O soldado mais novo, recém chegado ao Alentejo, não perguntou mais nada, presumiu que o velho tivesse assassinado a mulher por causa de outro homem. É sempre por causa de outro homem, ou de outra mulher. E além disso era um assunto que já não interessava a ninguém. Entretanto já se conseguia perceber o monte do velho ao longe na planície, mas ainda faltavam uns três ou quatro quilómetros, calculou. Começou a percorre-lo então um espírito triste, quase que o sentia, a instalar-se na mente, na pele e pelas entranhas, uma melancolia de cima a baixo. Procurou sacudi-la.

- Posso? perguntou apontando para o rádio.

- Dá-lhe, só desliguei porque me pareceu ouvir uns tiros de caçadeira, lá para trás.

O cabo Joaquim Neves percorreu algumas estações FM e parou por uns segundos numa música dos Foo Fighters que já não ouvia há anos. Outros tempos e outras vidas mas entretanto durante alguns segundos sentiu-se revigorado. Ainda bateu o pé uma dúzia de vezes. «I can change my ways, I can search my days; I know I payed my dues; Nothing can change what always remains; I keep bangin' on with you...» mas a guitarra agreste deu cabo do frágil equilíbrio interior ao sargento. Sem cerimónia, mudou de estação.

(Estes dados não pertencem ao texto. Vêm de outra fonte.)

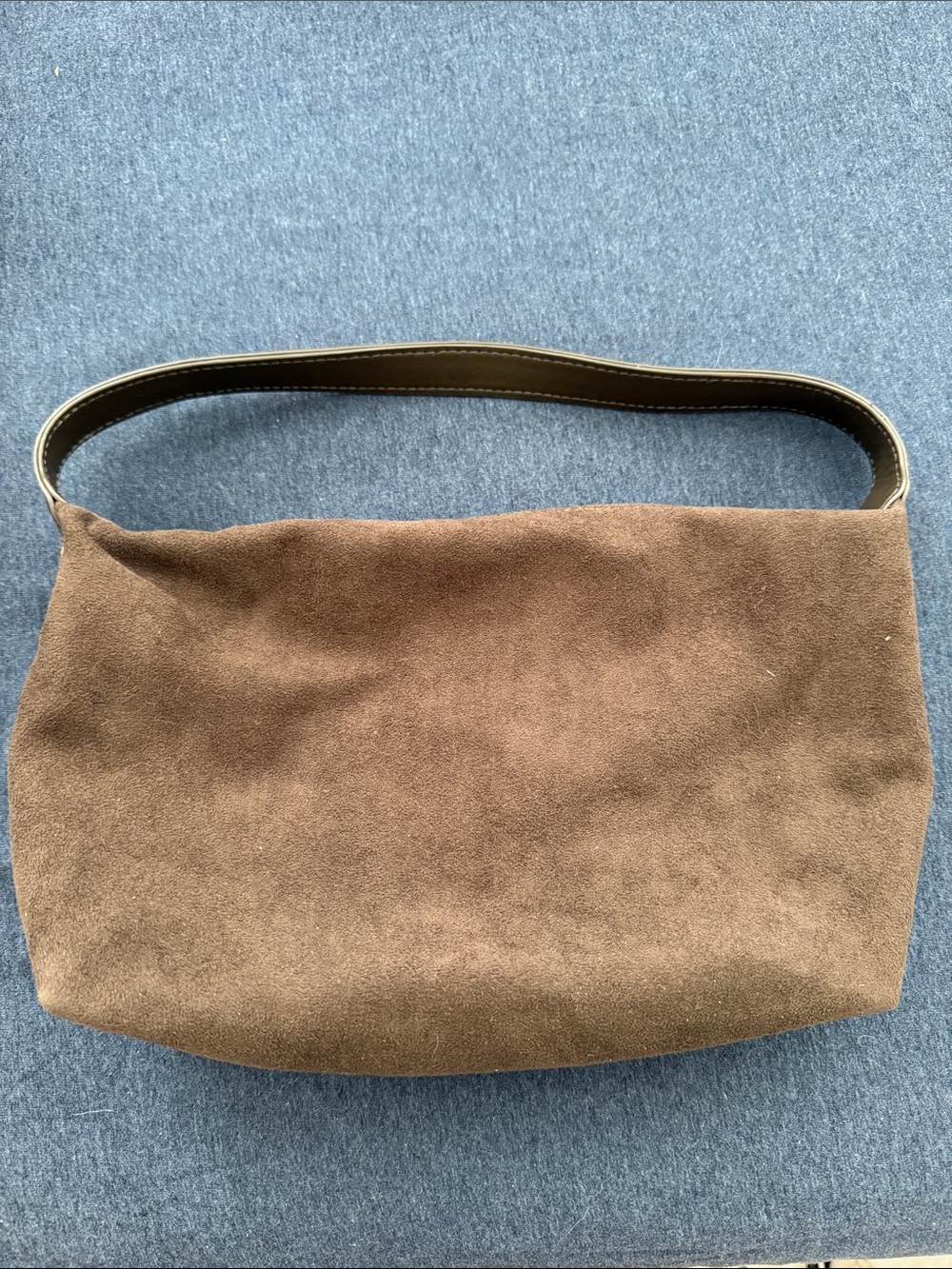 Classic Brown Suede Shoulder Bag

- Não me fodas. Aqui nesta viatura quem manda sou eu. Desculpa lá, dá-me dor de cabeça, foda-se, com este calor não dá, parece que nos rebenta a cabeça, tem paciência, se queres música mete outra merda mais calma..

O cabo delisgou o rádio e distraiu-se com o smart phone e dois ou três fados depois chegavam à casa de José Pedro Amaro, o antigo homicida que esperava sentado num banco de jardim ferrugento. Este não se levantou, limitou-se a tocar na boina e a dizer bom dia. Enquanto o sargento esticava as pernas e abria o peito à magnífica paisagem, Joaquim não tirava os olhos do homem, que não lhe parecia ter nada de extraordinário. Magro e pequeno como são milhares de homens e caminhar para velhos que a vida encolhe e entorta até ao definhamento final. Nos olhos cansados mas atentos também não vislumbrou sinais de qualquer anormalidade e resolveu fazer conversa enquanto o colega contemplava o horizonte, talvez a ganhar coragem para o que ali viera fazer. Reparara, mais pela forma como disse do que propriamente pelo que disse no carro, que o sargento nutria, se não simpatia, pelo menos respeito pelo homem que aguardava imperturbável como a paisagem.



... (continua)


Nota do autor: Este texto é regularmente actualizado, por vezes apenas para alterar uma palavra, uma vírgula. Não sei quando termina. Mas quando for a altura de escrever "Fim", será retirado da internet e sairá de cena, como alguém que morre, depois de um breve período de exposição lutuosa. Provavelmente reencarnando noutro local. Não se sabe.

Nota 2: O autor adere e não adere ao Acordo Ortográfico da Língua Portuguesa.